>"Your ad content violates Facebook Ad Guidelines. Ads are not allowed to promote the sale or use of adult products or services, including toys, videos, publications, live shows or sexual enhancement products."
>"From the dawn of humanity, to Ancient Egypt, to the glory that was Rome; everybody loves a burlesque show! Join San Francisco's world-famous Hubba Hubba Revue for an epic night of tassels & tease, thousands of years in the making!"
It's an adult live show, a burlesque. Facebook policy rules it out and it's very cut-and-dried.
The only reason this appears to be here is an attempt at viral marketing.
13+ social media site won't advertise 18+ (or 21+ presumably if it's USA based on drinking laws) live show for adults with softcore sexual content.
If you've got a conservative workplace, I wouldn't recommend clicking through. Their site includes topless women ... which I would be hard-pressed to defend as "not adult", regardless of their hand placement.

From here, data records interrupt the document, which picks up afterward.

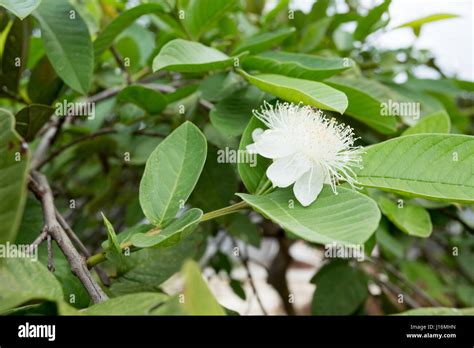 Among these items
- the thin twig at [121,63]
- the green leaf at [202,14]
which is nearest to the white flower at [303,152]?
the green leaf at [202,14]

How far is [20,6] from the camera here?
51 centimetres

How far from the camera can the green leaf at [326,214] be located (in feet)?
1.25

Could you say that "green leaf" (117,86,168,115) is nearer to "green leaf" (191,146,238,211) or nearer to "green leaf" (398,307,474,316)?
"green leaf" (191,146,238,211)

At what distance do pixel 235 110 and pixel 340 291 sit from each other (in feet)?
1.49

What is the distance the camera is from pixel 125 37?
94cm

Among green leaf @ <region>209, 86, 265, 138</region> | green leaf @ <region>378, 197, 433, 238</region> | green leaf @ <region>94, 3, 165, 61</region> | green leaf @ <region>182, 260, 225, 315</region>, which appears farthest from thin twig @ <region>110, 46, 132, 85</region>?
green leaf @ <region>182, 260, 225, 315</region>

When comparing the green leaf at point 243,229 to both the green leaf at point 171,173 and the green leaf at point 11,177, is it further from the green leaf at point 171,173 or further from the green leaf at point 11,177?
the green leaf at point 11,177

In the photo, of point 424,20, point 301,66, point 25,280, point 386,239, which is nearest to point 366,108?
point 301,66

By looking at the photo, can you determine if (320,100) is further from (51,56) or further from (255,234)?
(255,234)

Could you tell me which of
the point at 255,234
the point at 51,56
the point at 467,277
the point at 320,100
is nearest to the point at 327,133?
the point at 320,100

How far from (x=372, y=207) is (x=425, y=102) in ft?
1.95

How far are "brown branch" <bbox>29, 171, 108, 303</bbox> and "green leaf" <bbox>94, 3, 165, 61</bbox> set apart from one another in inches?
8.6

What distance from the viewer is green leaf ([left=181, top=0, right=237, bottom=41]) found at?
0.71 m

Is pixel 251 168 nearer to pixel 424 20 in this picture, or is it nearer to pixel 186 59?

If you think jwz is doing some "viral marketing", then you're really lacking in your knowledge of net.history. Ending your post with "flagged" makes it doubly foolish.
I'm assuming you're inferring that jwz can't make money driven business decisions because he has contributed [in a major way] to FOSS projects? Is that what you're saying?
It's clearly false indignation; a common "viral" marketing technique.
I'm saying that, as someone who has read his various rants throughout the years on jwz.org, and followed his twitter feed, I can say with a great degree of confidence that a) he didn't post this to HN, and b) he really couldn't give enough of a shit to "viral market" anything.
You're free to form your own opinions, although if you must, I would urge you to avail yourself of the opportunity to read through his website and past writings. I find your continued contention that he is using viral marketing to be rather amusing.
I'm not continuing to contend anything about jwz - I never said he posted it to HN, there is no byline on the blog-post.
The OP blog-post is definitely mock indignation, it's not there to accomplish anything but notability through complaint against a corporation (Facebook) against whom it is trendy to complain vehemently. This is known as a "viral marketing technique" because, as has been seen, the intention is that the complaint should acquire attention and in doing so will shed light on the complainers business interests. jwz may not have intended it but the blog post is operating in that capacity.
So he wants everyone else to get off Facebook, and then he (presumably) will when it's no longer essential.
If you want something, you yourself have to do it. It's like voting, people say that "my vote doesn't count, so I won't vote." But the point of voting is not individual votes, it's that significant portions of the population vote. And you win some, you lose some.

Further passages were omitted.